Out of the window and across the Liffey, the most excellently named Royal Blood can see the Workman’s Club, the venue where they played their debut Irish gig three years ago. A lot has happened to Thatcher and Kerr since then. It perhaps says it all that three weeks ago, they supported Guns N’ Roses in front of 80,000 people at Slane Castle and that in November, they headline the 15,000 capacity 3Arena in Dublin.
The Brighton duo have also sold a million copies of their debut, the one which rescued British rock. They’ve befriended rock royalty, and, perhaps most fatefully of all, had the Bono talk (more of which later).
How Did We Get So Dark? (a title that is both a self-effacing jab and a commentary on recent global events) Is no great departure from the molten blues garage rock of Royal Blood’s epochal debut. It is maybe more poppy, hook-heavy and streamlined.
The title track’s chorus is offset by a corrosive guitar solo and Queen-like harmonies, while the likes of frazzled stoner rocker Looks Like You Know is the (not very) missing link between Arctic Monkeys and QOTSA. Most of all though, How Did We Get So Dark? hits hard.

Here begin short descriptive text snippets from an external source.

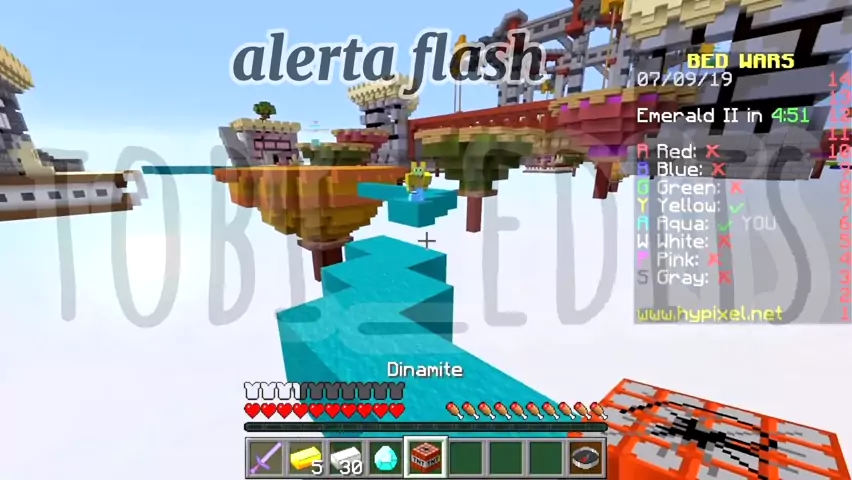 Julia Minegirl  DESAFIO ORIGINAL vs CÓPIA NO MINECRAFT!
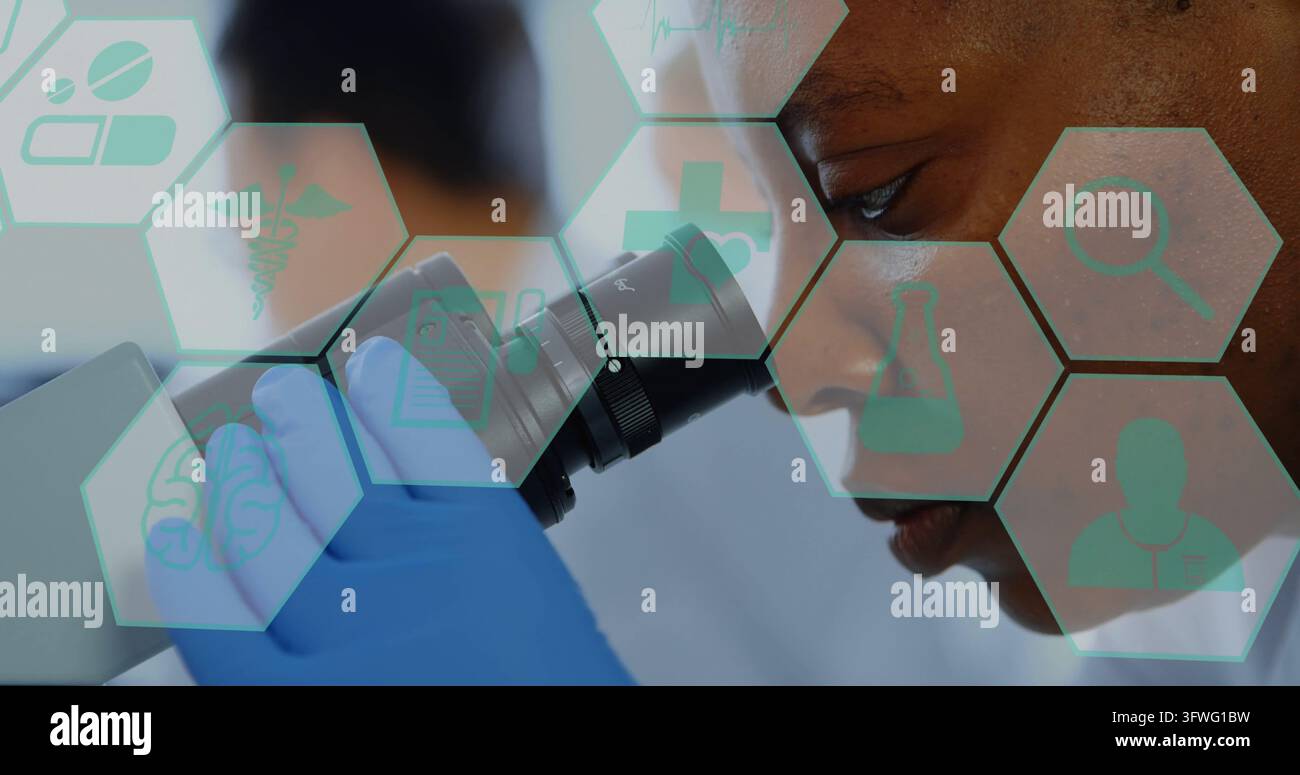 Scienziato osservatore che ispeziona il microscopio in laboratorio con camice bianco e guanto di nitrile blu, icone esagonali. Ricercatore, laboratorio, oculare, collaborazione, lavoro di squadra Foto Stock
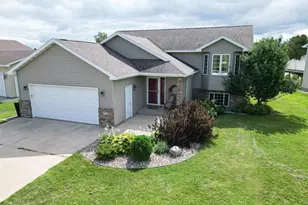 705 25th Ave NW, Austin, MN 55912 - Photo 1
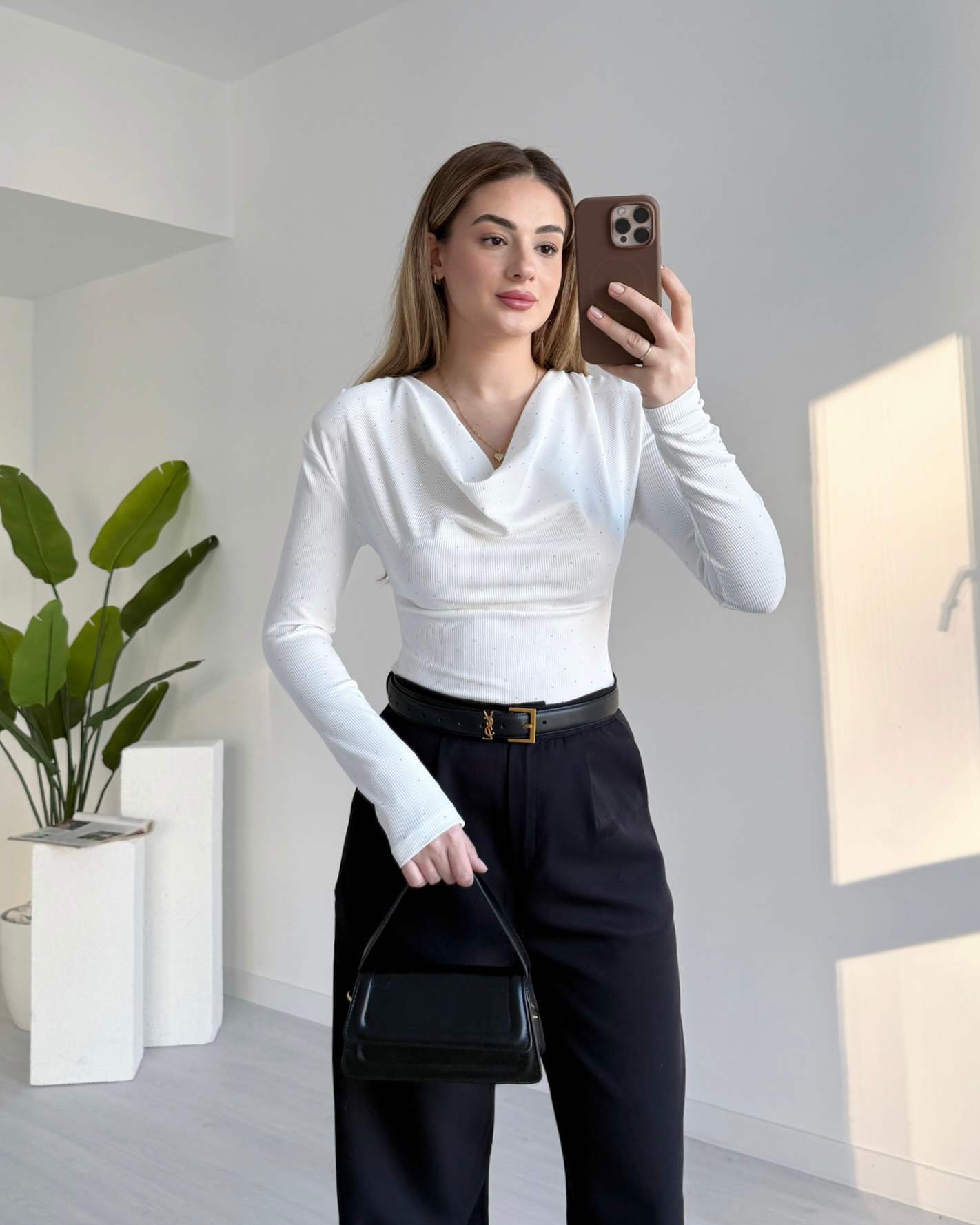 Degaje Yaka Taş Süslemeli Bluz - Beyaz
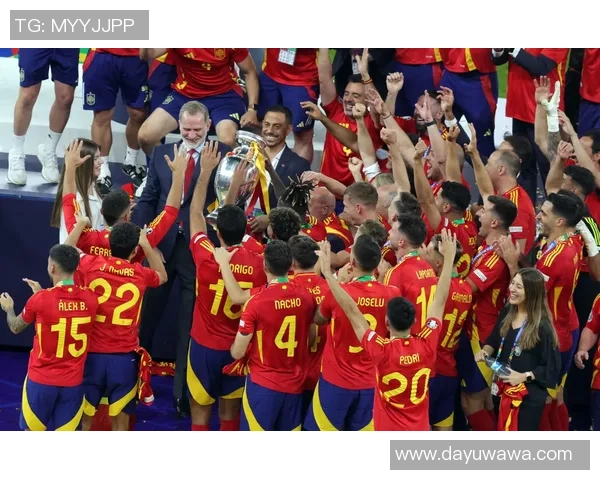 足球明星精彩瞬间进球盘旋图赏析带你领略绿茵场上的绝妙技艺与激情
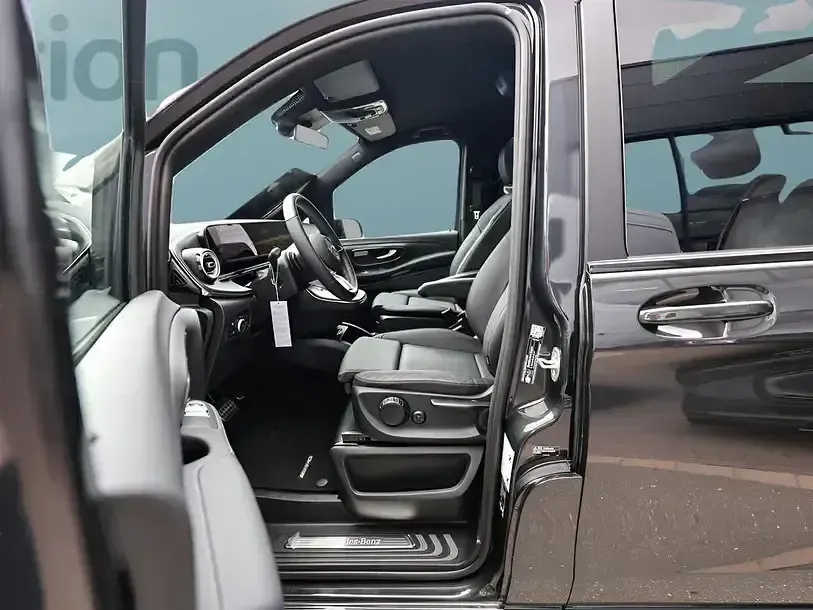 Gebraucht Mercedes V300 237 PS (174 kW) 2025 Grau Van / Kleinbus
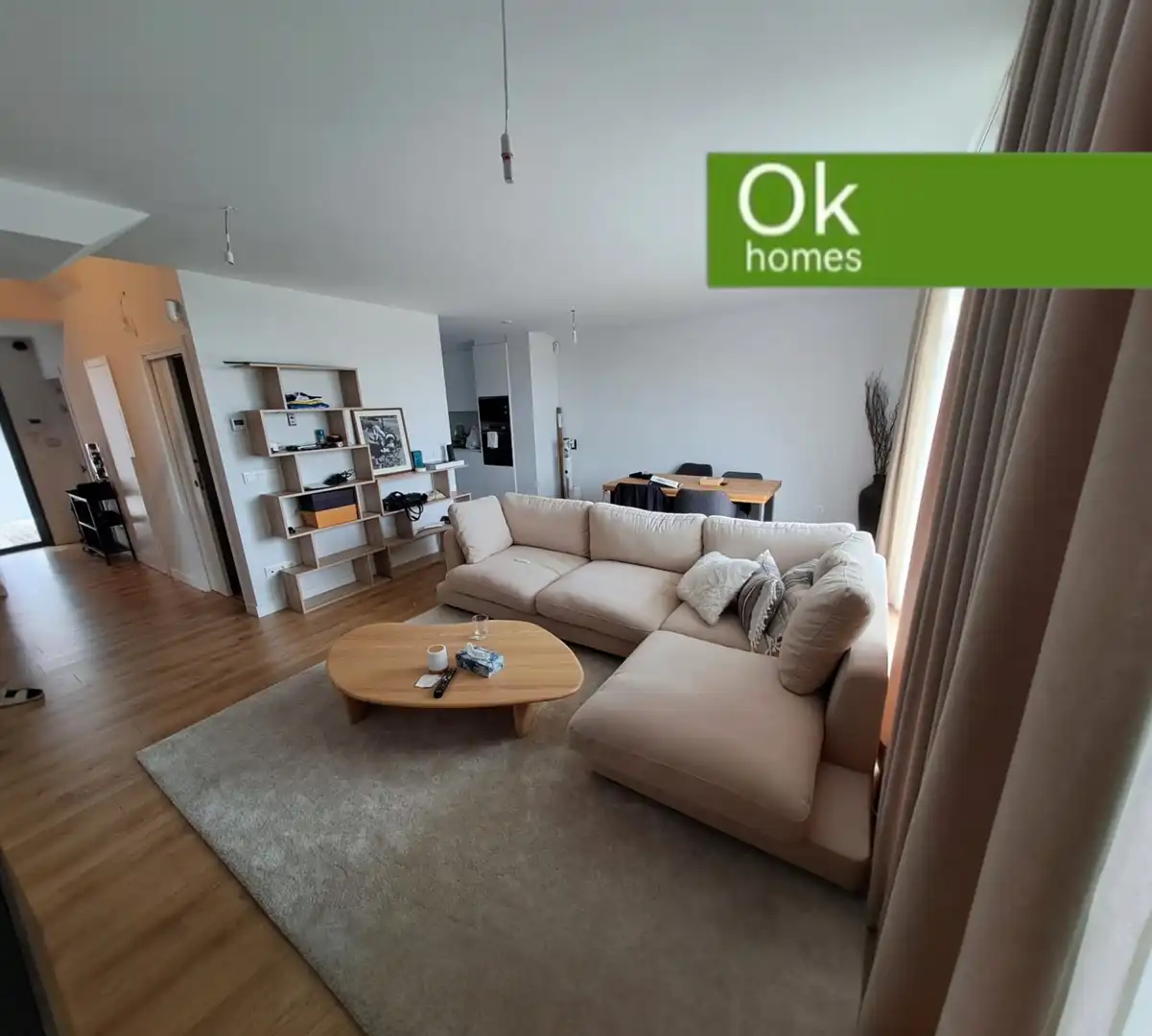 Sala de estar de Casa adosada en venta en Oleiros con Calefacción, Parquet y Terraza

"Our first record really is a patchwork of demos and it’s somewhat of a Frankenstein, bodge job really - we’ve got this big sound and we’re gonna bash some tunes out," says Kerr. "That album awarded us this amazing ride we’ve been on . . . with this new album we felt like we had licence to be really creative and make a body of work."
There is much giggling from Thatcher (in his trademark baseball cap) and booming laughter from Kerr. And that’s the thing about Royal Blood; on stage and on record, they may seem like a seething cauldron of sexual tension and suppressed rage, a place where all women are the blues archetype of temptress and jezebel but on downtime, there is much matey slagging and plenty of dumb jokes.
"Humour is our secret weapon," Kerr says as if everybody already knew it. "Things that are funny to us are usually quite creative and inspiring. I think when you’re touching on things that are funny it’s usually because they are quite uncomfortable and when things are uncomfortable it is perhaps because they are unique and different. Whereas something that doesn’t make you feel that is probably mundane and uninteresting.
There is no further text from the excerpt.